Et que dire de tous ceux, intellectuels ou politiques, qui se firent la caution de ces actions ! C'est bien sûr au nom du Bien que leurs voix s'élevèrent, et que leurs plumes s'activèrent. Certains encore de nos jours, continuent à servir des causes, et donnent, sans vergogne, des leçons de morale ou de scientificité à ceux qui n'ont pas la chance de détenir la vérité. C'est en pensant à cela, à ceux-là que l'on serait, presque, enclin à écouter le roué Talleyrand, spécialiste du genre s'il en est, "il y a quelque chose de plus horrible que le mensonge, c'est la vérité".
Car l'idéal de vie morale qui trouve son acmé au siècle des Lumières repose sur une explication du monde rationnelle, plus scientifique, affranchie du mythe et des divers présupposés obscurantistes.
Avec le recul, on peut voir dans un tel idéal moral la nouvelle religion gouvernée par la déesse Raison.
Ainsi, E. Renan, chantre éclairé de ce nouveau culte, n'hésite pas à déclarer que "la science renferme l'avenir de l'humanité, elle seule peut lui dire le mot destinée et lui enseigner la manière d'atteindre sa fin". Belle envolée lyrique, sur laquelle il n'y a pas lieu d'ironiser, tant elle exprime bien tous les désirs, les espoirs collectifs du moment. Espoirs que suscitèrent recherches, actions, politiques, et diverses organisations sociales tout au long du XIXe siècle.

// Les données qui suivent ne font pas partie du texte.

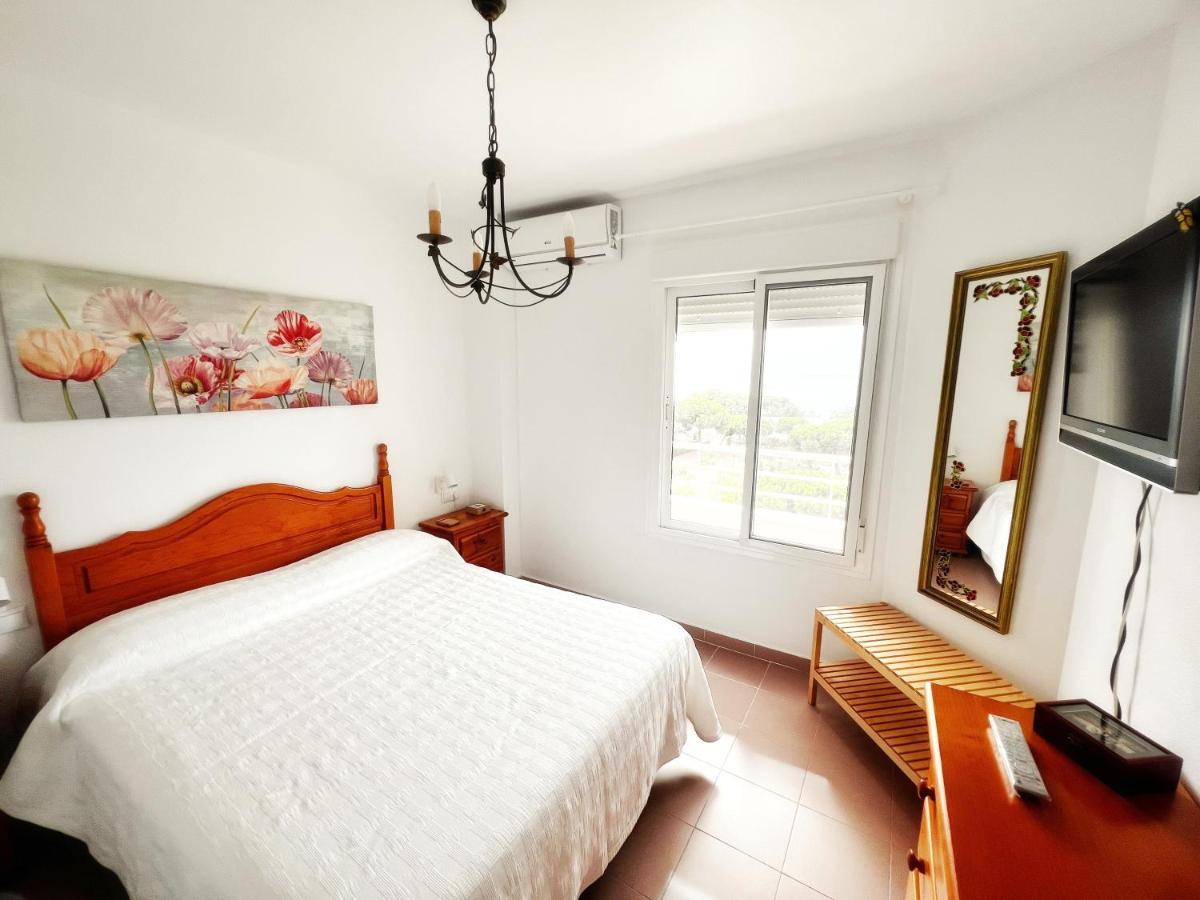 엘 포르틸 Apartamento Playas Del Sur 아파트 외부 사진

Et pourtant cet idéal moral fait de foi en la science, de confiance en la raison et d'assurance quant à l'avenir ne put empêcher ces horribles carnages que furent les guerres mondiales, les camps de concentration nazis et communistes, les explosions atomiques, les famines meurtrières, les actes de terrorisme et autres formes de barbaries que la civilisation moderne avait cru exorciser.
Et tout cela devrait nous inciter à plus de modestie ou encore plus de prudence qui, d'antique sagesse, est une caractéristique essentielle de l'intelligence. Intelligence qui, en son sens étymologique, est cette capacité d'unir, de recueillir des choses disparates. Un centre de l'union, quelque peu ésotérique, respectant la diversité, la multiplicité des manières d'être et de penser. Etre attentif aux mystères de l'être, c'est reconnaître ce qui, dans les phénomènes sociaux, s'élabore en deçà ou au-delà de la simple conscience rationnelle."
En ce sens il faudra revenir sur le rôle de l'instinct, la force et la perdurance des archétypes, l'importance des archaismes et des inconscients collectifs. Peut-être s'agit-il ici de ce que j'ai appelé la "revanche des valeurs du Sud" où prédominent le secret et le mystère partagés. Selon Virgile, Latium, Latin, veut dire caché (Enéide, VIII, 323).